Vijay Chandra Mishra (born 4 May 1945) is an academic, author and cultural theorist from Fiji. He is currently a professor at Murdoch University, Australia.

Academic and professional career 
Born in Suva, Fiji on 4 May 1945 to Hari Mishra and Lila Mishra, Vijay was educated at Lelean Memorial School where he completed his Senior Cambridge Higher School Certificate in the First Division. Following this he did his New Zealand University Entrance Examination at Suva Grammar School where he won both the Arts and the History Prize. A British colonial scholarship took him to Victoria University of Wellington and to Christchurch Teachers’ College from which institutions he gained, respectively, a B.A. and a Diploma in Teaching.
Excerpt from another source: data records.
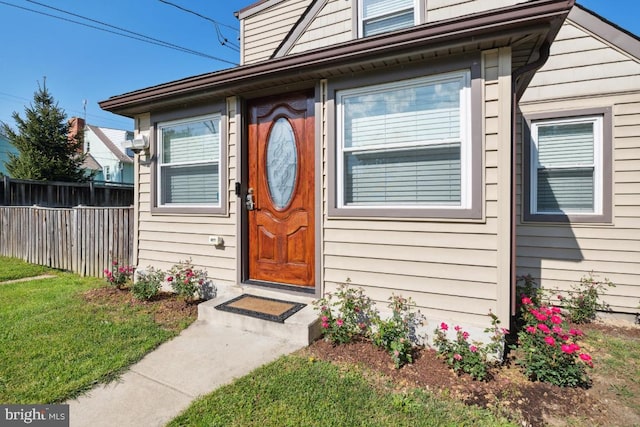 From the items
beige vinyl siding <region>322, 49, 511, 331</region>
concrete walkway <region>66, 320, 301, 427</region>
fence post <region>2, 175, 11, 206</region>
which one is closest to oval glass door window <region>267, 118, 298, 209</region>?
beige vinyl siding <region>322, 49, 511, 331</region>

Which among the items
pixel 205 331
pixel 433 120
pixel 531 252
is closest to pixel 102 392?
pixel 205 331

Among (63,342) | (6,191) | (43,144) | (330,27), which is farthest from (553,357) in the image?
(43,144)

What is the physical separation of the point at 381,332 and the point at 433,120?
1.95 m

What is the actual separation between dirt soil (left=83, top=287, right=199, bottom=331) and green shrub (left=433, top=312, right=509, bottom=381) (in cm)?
254

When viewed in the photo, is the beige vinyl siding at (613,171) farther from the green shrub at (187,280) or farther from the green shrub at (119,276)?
the green shrub at (119,276)

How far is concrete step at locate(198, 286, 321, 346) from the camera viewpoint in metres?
2.94

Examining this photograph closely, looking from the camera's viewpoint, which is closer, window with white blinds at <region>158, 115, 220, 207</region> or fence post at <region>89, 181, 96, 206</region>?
window with white blinds at <region>158, 115, 220, 207</region>

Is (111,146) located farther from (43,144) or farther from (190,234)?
(190,234)

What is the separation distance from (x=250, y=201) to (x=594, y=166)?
13.6 feet

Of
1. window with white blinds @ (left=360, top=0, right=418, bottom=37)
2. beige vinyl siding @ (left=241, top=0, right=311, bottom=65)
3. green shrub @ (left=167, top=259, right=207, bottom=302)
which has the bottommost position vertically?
green shrub @ (left=167, top=259, right=207, bottom=302)

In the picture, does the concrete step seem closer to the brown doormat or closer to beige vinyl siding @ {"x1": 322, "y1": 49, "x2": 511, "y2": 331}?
the brown doormat

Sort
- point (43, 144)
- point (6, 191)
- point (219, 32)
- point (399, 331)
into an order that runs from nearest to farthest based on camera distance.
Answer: point (399, 331) → point (6, 191) → point (219, 32) → point (43, 144)

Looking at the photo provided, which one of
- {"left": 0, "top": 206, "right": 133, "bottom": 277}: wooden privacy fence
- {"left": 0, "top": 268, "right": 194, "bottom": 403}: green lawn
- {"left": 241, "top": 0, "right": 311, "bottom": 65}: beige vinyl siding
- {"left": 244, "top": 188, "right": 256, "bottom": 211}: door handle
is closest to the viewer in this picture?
{"left": 0, "top": 268, "right": 194, "bottom": 403}: green lawn

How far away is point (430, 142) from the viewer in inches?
116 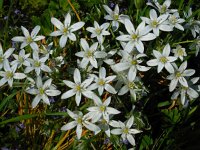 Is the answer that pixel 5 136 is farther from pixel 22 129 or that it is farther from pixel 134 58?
pixel 134 58

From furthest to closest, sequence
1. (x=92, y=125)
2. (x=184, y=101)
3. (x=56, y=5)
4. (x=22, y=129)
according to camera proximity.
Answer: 1. (x=56, y=5)
2. (x=22, y=129)
3. (x=184, y=101)
4. (x=92, y=125)

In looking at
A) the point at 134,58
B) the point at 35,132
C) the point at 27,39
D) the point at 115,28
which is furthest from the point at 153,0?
the point at 35,132

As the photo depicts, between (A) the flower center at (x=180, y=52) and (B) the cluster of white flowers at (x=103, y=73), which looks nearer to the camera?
(B) the cluster of white flowers at (x=103, y=73)

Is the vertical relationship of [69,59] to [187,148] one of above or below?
above

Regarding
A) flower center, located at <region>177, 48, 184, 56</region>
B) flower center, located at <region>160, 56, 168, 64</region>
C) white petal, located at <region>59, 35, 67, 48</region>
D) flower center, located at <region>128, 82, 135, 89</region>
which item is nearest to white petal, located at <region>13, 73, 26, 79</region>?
white petal, located at <region>59, 35, 67, 48</region>

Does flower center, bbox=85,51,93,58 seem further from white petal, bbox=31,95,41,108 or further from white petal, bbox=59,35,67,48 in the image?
white petal, bbox=31,95,41,108

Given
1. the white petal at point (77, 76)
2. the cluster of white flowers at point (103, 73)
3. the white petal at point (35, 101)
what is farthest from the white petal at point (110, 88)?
the white petal at point (35, 101)

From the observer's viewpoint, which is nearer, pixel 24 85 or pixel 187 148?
pixel 24 85

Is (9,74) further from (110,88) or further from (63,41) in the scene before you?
(110,88)

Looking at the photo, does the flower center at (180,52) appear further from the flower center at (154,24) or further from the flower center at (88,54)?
the flower center at (88,54)

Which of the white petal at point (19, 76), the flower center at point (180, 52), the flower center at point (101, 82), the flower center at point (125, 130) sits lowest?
the flower center at point (125, 130)

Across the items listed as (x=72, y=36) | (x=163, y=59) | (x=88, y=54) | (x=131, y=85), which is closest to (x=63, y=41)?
(x=72, y=36) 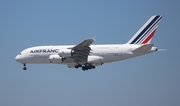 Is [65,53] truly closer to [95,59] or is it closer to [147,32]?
[95,59]

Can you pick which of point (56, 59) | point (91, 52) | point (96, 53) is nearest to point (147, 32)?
point (96, 53)

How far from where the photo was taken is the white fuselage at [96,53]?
63.0 metres

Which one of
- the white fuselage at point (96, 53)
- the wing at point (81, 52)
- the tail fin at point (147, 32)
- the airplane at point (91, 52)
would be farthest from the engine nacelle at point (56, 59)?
the tail fin at point (147, 32)

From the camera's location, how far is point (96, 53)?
6431 centimetres

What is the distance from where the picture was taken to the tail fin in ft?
217

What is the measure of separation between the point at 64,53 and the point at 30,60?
23.5 feet

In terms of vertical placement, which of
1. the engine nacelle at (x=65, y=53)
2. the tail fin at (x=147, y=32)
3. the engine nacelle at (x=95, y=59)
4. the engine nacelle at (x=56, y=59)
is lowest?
the engine nacelle at (x=95, y=59)

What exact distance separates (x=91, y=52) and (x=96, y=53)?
86cm

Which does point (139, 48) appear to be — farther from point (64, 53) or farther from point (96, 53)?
point (64, 53)

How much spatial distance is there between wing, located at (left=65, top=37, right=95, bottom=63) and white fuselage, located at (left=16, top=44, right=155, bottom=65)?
700mm

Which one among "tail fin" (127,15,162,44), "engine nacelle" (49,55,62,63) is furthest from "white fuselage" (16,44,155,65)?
"tail fin" (127,15,162,44)

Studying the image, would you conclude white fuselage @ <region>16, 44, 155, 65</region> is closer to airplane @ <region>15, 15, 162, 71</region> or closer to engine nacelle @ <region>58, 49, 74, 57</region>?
airplane @ <region>15, 15, 162, 71</region>

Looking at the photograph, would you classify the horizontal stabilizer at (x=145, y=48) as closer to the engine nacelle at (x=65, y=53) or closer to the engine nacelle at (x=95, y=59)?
the engine nacelle at (x=95, y=59)

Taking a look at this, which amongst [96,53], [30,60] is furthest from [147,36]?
[30,60] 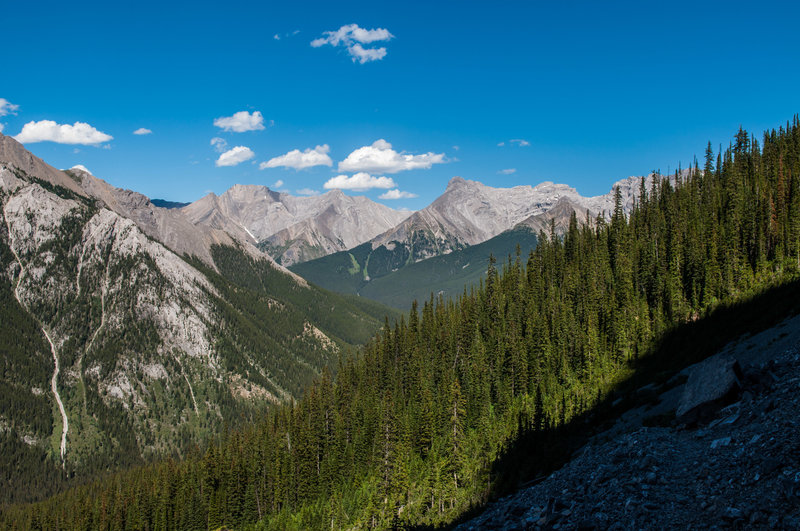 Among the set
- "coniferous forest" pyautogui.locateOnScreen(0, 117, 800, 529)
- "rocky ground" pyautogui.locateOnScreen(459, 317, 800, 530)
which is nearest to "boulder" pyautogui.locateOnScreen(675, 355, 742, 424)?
"rocky ground" pyautogui.locateOnScreen(459, 317, 800, 530)

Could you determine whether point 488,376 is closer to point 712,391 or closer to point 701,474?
point 712,391

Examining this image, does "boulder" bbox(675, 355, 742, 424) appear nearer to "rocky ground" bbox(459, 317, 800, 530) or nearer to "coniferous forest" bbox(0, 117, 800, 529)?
"rocky ground" bbox(459, 317, 800, 530)

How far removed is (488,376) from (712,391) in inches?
3007

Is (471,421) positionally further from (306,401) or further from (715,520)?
(715,520)

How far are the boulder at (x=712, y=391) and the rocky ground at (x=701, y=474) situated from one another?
0.32ft

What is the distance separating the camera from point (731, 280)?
84.6 metres

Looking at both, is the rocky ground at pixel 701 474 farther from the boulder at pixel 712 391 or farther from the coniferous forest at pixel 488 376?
the coniferous forest at pixel 488 376

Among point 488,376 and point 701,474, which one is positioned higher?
point 701,474

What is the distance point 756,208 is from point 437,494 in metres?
85.4

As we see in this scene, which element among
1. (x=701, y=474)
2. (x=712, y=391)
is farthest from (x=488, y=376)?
(x=701, y=474)

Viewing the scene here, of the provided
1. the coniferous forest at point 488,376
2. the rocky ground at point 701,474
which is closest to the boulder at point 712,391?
the rocky ground at point 701,474

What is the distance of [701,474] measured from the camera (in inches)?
1016

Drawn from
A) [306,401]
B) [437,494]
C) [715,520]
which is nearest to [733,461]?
[715,520]

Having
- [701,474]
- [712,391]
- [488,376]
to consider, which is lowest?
[488,376] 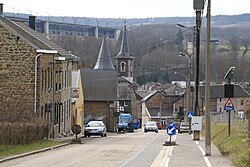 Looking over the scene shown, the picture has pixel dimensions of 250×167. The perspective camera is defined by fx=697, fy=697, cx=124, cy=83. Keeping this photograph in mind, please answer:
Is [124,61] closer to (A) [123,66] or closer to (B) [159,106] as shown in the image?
(A) [123,66]

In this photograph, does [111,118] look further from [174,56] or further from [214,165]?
[174,56]

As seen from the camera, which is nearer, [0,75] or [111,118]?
[0,75]

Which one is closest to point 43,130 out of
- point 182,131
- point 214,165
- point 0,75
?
point 0,75

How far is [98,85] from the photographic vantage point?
256 feet

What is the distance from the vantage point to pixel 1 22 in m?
43.3

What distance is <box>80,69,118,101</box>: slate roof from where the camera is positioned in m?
75.9

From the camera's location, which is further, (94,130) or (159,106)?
(159,106)

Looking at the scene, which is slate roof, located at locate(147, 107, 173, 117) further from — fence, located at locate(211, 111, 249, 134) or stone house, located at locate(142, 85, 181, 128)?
fence, located at locate(211, 111, 249, 134)

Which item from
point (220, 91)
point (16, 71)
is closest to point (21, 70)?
point (16, 71)

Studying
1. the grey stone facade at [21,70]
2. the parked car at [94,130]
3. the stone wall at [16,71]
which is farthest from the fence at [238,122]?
the stone wall at [16,71]

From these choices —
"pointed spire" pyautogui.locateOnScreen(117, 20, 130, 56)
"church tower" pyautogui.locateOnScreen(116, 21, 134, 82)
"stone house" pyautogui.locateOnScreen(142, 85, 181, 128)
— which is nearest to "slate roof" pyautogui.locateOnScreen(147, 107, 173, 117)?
"stone house" pyautogui.locateOnScreen(142, 85, 181, 128)

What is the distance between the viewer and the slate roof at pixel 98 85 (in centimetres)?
7594

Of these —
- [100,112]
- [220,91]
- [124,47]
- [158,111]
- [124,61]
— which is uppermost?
[124,47]

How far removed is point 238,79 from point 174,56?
36.0m
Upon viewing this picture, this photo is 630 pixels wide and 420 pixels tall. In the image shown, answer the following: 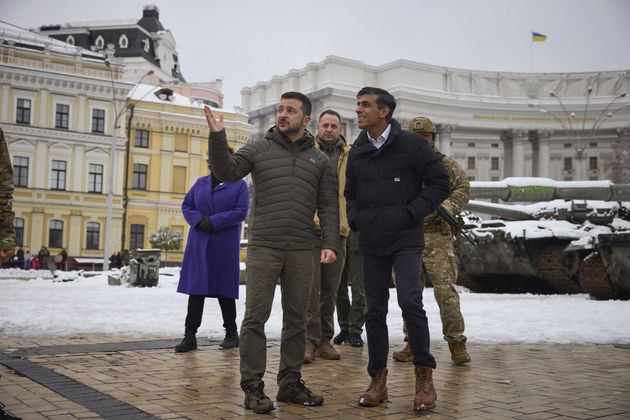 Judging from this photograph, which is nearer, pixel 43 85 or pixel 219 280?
pixel 219 280

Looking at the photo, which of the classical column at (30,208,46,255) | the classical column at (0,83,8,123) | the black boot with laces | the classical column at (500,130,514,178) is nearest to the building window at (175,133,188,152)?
the classical column at (30,208,46,255)

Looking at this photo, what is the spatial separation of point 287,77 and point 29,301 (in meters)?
64.0

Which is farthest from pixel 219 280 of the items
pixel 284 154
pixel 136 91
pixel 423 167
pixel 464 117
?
pixel 464 117

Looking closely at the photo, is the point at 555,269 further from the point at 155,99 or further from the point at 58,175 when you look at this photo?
the point at 155,99

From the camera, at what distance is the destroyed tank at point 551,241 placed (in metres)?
11.6

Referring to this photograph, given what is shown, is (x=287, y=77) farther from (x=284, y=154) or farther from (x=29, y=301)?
(x=284, y=154)

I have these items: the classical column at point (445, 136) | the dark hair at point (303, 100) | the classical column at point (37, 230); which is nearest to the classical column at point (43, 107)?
the classical column at point (37, 230)

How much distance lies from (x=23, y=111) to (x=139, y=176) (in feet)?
24.9

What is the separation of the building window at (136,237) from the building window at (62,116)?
23.2 ft

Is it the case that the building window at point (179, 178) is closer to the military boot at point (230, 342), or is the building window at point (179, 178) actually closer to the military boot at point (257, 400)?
the military boot at point (230, 342)

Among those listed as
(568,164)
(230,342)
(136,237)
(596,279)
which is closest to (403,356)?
(230,342)

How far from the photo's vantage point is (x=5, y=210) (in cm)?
421

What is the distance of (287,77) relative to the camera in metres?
72.9

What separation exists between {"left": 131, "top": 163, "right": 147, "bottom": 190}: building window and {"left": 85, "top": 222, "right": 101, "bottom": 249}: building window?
12.9 feet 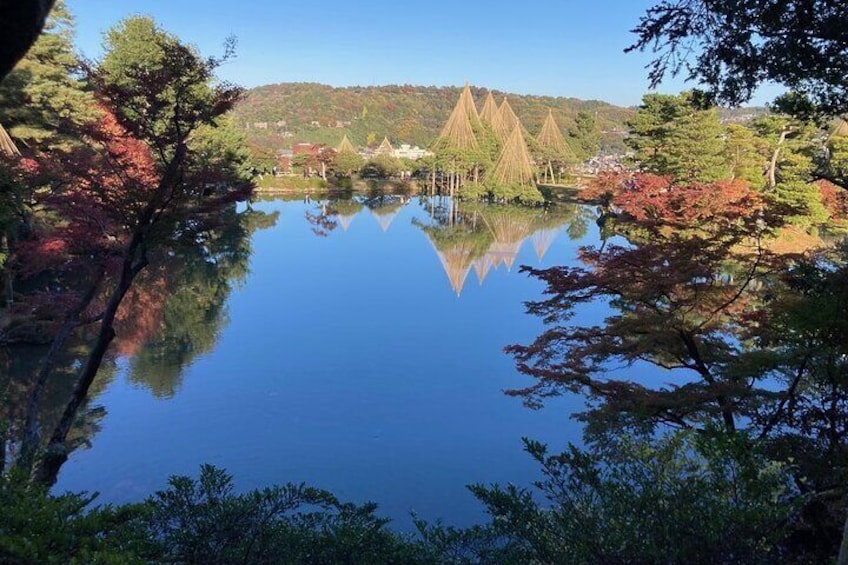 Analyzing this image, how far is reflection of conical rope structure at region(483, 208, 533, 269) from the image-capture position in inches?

After a brief teaching stint at Labasa College in Fiji from 1968 to 1969, Vijay went to Macquarie University on a Commonwealth Scholarship where he completed Masters papers in Linguistics and a B.A. with First Class Honours in English Literature. A further brief career in Fiji, this time as a Senior Education Officer, was followed by migration to Australia in 1974. By then he was married to Nalini Singh, daughter of Pratap and Damiyanti Singh.

In Australia he completed a Masters in English literature at Sydney University and then, in 1976, joined the newly established Murdoch University in Perth, as a tutor in World Literature. He left the university in early 1978 to undertake a PhD in Medieval Indian Poetry and Aesthetics at the Australian National University which he gained in 1981.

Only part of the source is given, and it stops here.